The article is devoted to the Perestroika conceptual musician Sergey Kuryokhin and his experiments in the field of film music. Two films—The Castle (1994) by Aleksei Balabanov and Three Sisters (1994) by Sergei Solovyov—are analyzed as exemplary situations with music participating in the structuring of a cinematic form. The peculiarities of the dramaturgic construction of The Castle are largely determined by the film’s musical concept. It combines the genre model of opera ballet with a compositional scheme of the moment-form—a principle of free sequence of self-sufficient structures, invented by Karlheinz Stockhausen. The image of a music box— a visual leitmotif voiced by Kuryokhin’s “mechanical” music—becomes an absurdist metaphor of the social order demonstrated in the film. In Three Sisters, on the other hand, the musicality of the cinematic structure stems from the connection, characteristic of Chekhov’s primary source, of artistic space with the natural universe and the inner intonation of the verbal form. This feature of the original play is answered in the film by filling the diegetic space with visual attributes of the elements (snow, fog, autumn leaves) correlated with the off-screen sounds (dripping water, wind, birds), as well as acoustic auratization of space.
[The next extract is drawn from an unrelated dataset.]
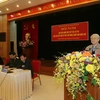 Tổng Bí thư Nguyễn Phú Trọng tiếp xúc cử tri quận Ba Đình và Hoàn Kiếm, Hà Nội. (Ảnh: Trí Dũng/TTXVN)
The sound text in Three Sisters demonstrates the work with romantic intonation clichés inlaid into the flow of the composer’s individual style. The author of the article shows how Kuryokhin’s searches in the field of film music had anticipated the cultural discourse of the metamodern long before it became a cultural trend in the 2010s. For instance, his methods of transforming baroque expressive figures (ornamentation elements and lamento intonations) into repetitive formulas, as well as deliberate simplification of the intonational development and the musical syntax are interpreted in the text as a search for a new artistic affect in the semantic range from New Simplicity to metamodern post-irony.